This post is older than 2 years and might not be relevant anymore
More Info: Consider searching for newer posts

Mesh LPN RX race condition

Suppose node L is in a friendship with node F. Consider the following: 

1. Some other node C sends a message to L. 

2. F hears the message, and saves the message into L's friend queue.

3. L also happens to be scanning (e.g. L is currently in a Friend Poll receive window), and hears the message itself.

4. F sends the recorded message to L as the Friend Poll reply.

5. However, when L receives the recorded message from F, it will discard it on the Network layer due to message cache hit (it has already seen the message itself in step 2). This happens in the 3rd if statement in `deobfuscated_header_is_valid`.

6. Therefore, the LPN stack on L never receives L's Friend Poll reply. It thus never updates fsn, and will keep requesting the same message from L. 

7. After 5 Friend Polls, the LPN stack on L will terminate the friendship. 

I think in this case the LPN stack should still somehow increase its fsn despite of the message cache hit. 

To reproduce this, I had C continuously sending messages to L (3 messages every second). It usually reproduces within the first 20 seconds or so. 

Thanks! 

Parents
  • Hi Isundaylee, 

    Thanks for reporting this. However, by design, our LPN should not receive packet to itself when it's in friendship. You can have a look at the LPN life cycle figure here.

    But we suspect it might be due to another bug we found in SDK v3.0 and fixed in SDK v3.1. Could you reproduce the issue on SDK v3.1 ? 

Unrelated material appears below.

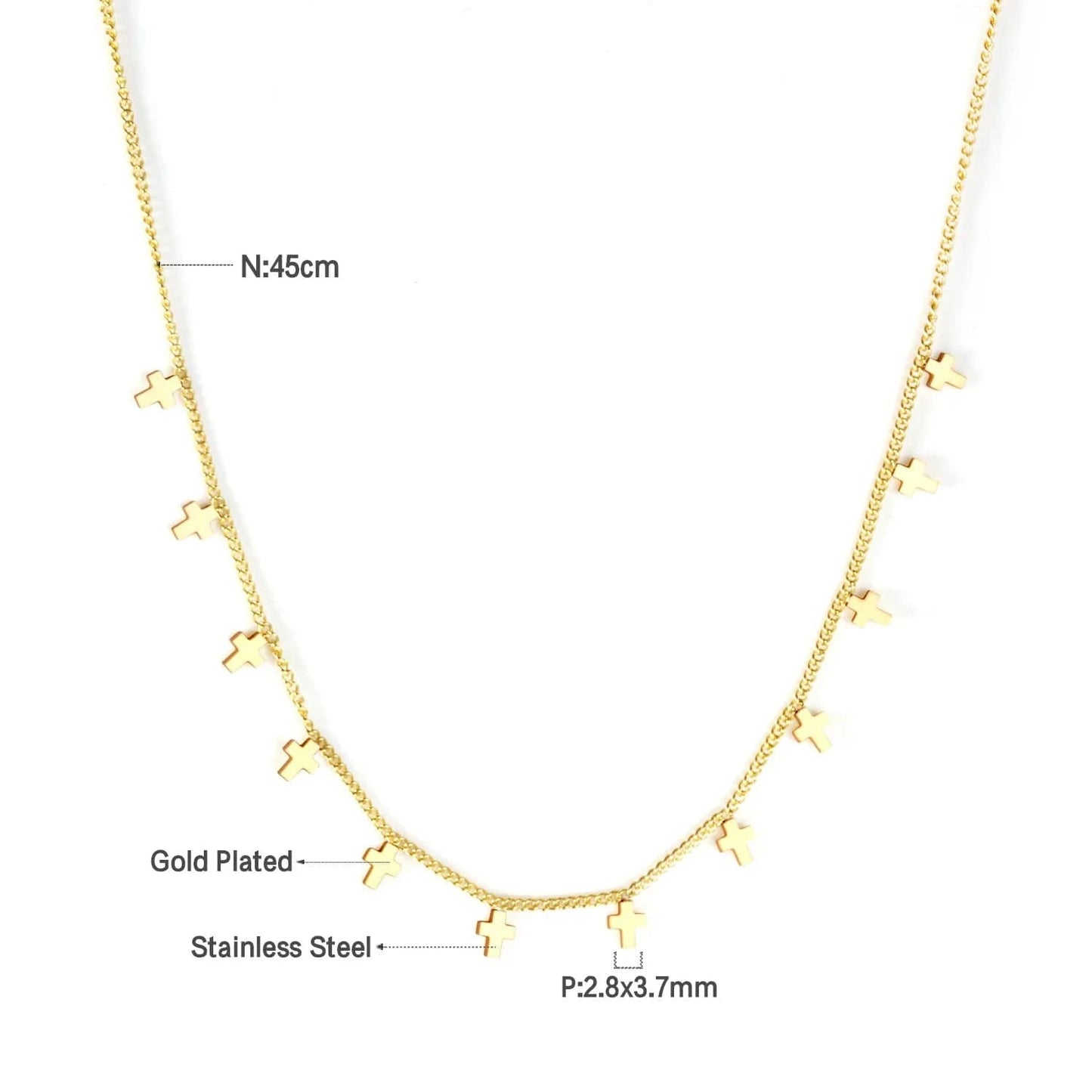 Ftainless steel necklace for ladies Stars and moon non tarnish Gold plating triangle stainless steel necklace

    In addition, could you explain a little bit on how you figured out that the LPN discard packet from friend, do you have some log ? 

Reply
  • Hi Isundaylee, 

    Thanks for reporting this. However, by design, our LPN should not receive packet to itself when it's in friendship. You can have a look at the LPN life cycle figure here.

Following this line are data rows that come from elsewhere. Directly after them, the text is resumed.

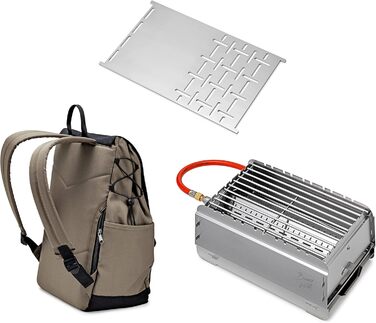 Мобільний газовий гриль Bruzz Willi BW1.1 50 мбар, велосипедний рюкзак з відділенням для охолодження, легке складання та розбирання, пальник 3,5 кВт, знімний піддон для жиру, в комплекті мультиінструмент (BW1.1 Plancha Bundle)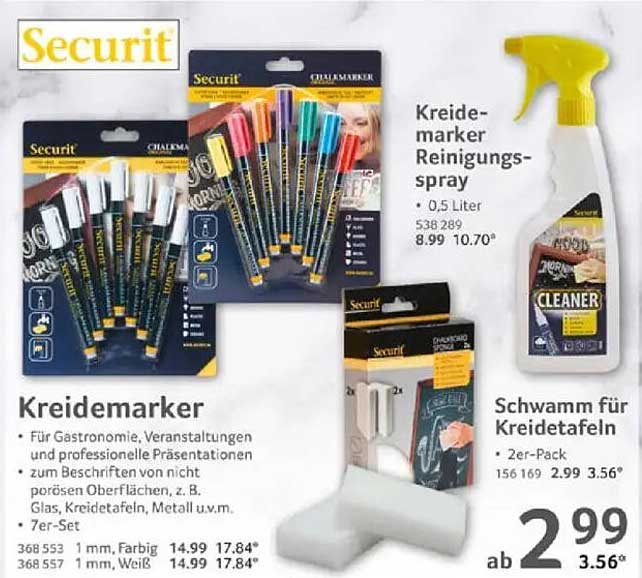 Securit Kreidemarker - 7er Set in verschiedenen Farben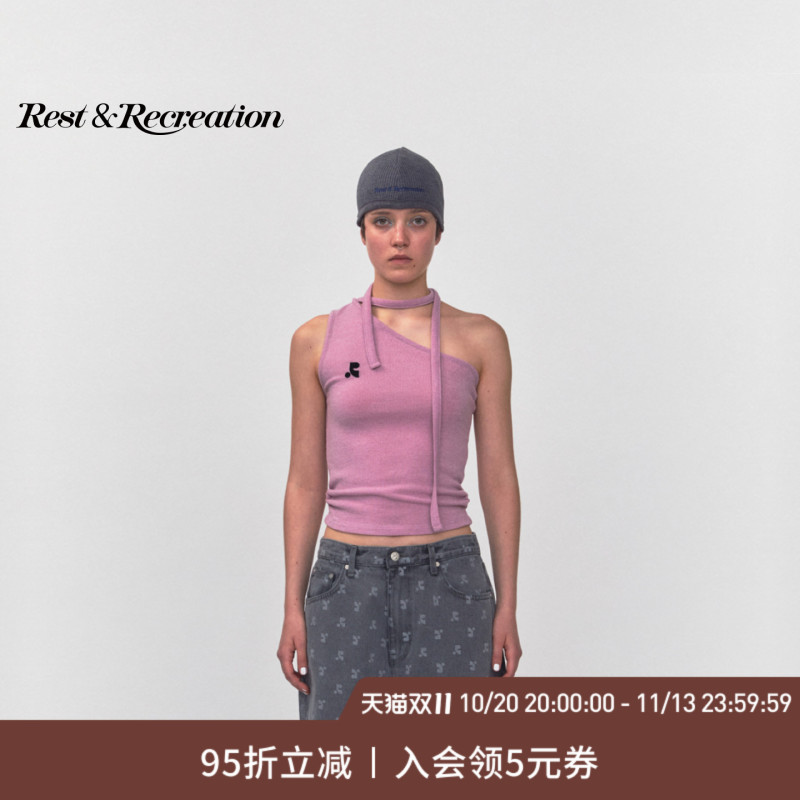 [Celebrity Style] Restandrecreation Official Classic Rr Asymmetrical Shoulder Tie Camisole for Women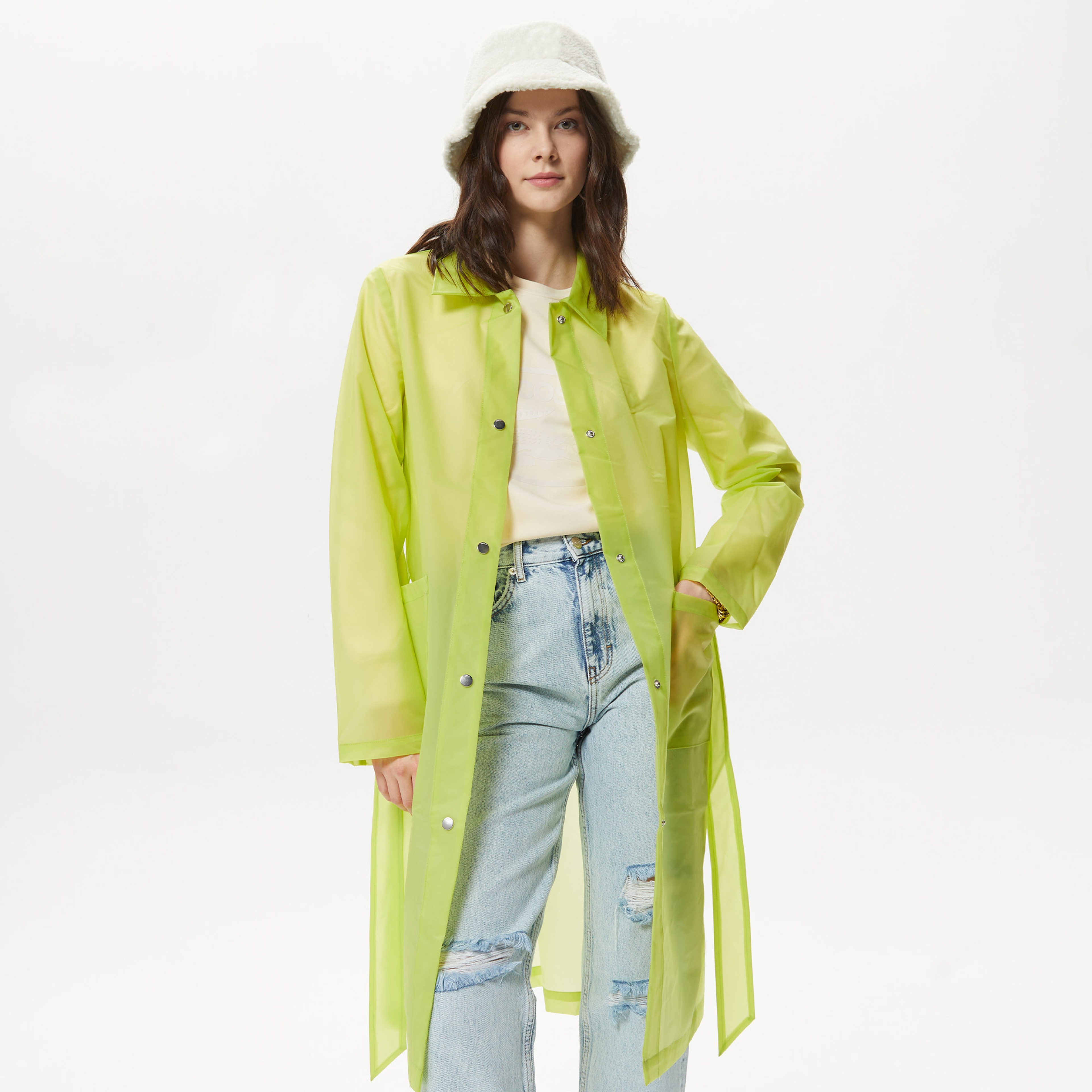 Only Onlacacie Rain Coat Kadın Yeşil Mont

    But we suspect it might be due to another bug we found in SDK v3.0 and fixed in SDK v3.1. Could you reproduce the issue on SDK v3.1 ? 

    In addition, could you explain a little bit on how you figured out that the LPN discard packet from friend, do you have some log ? 

Children
  • Thanks for the information! I did upgrade to v3.1.0 due to the other LPN bug, but this seems to be a separate one that still repros on v3.1.0.

    Can you elaborate a bit on "LPN should not receive packet to itself when it's in friendship"? Do you mean that LPN should not process packets that it hears directly (i.e. not from a Friend)? In this case what seems to happen is that: 1) LPN sends a Friend Poll, 2) LPN waits for Receive Delay, and starts scanning for replies to the Friend Poll, 3) while the scanner in on, the LPN node hears a direct message before hearing the Friend Poll response. Is there code in the SDK that instructs LPN to ignore all the packets it hears directly? 

    To confirm:

    1) I added log statements to the 3rd and 4th if-statements in `deobfuscated_header_is_valid`. They are hit. 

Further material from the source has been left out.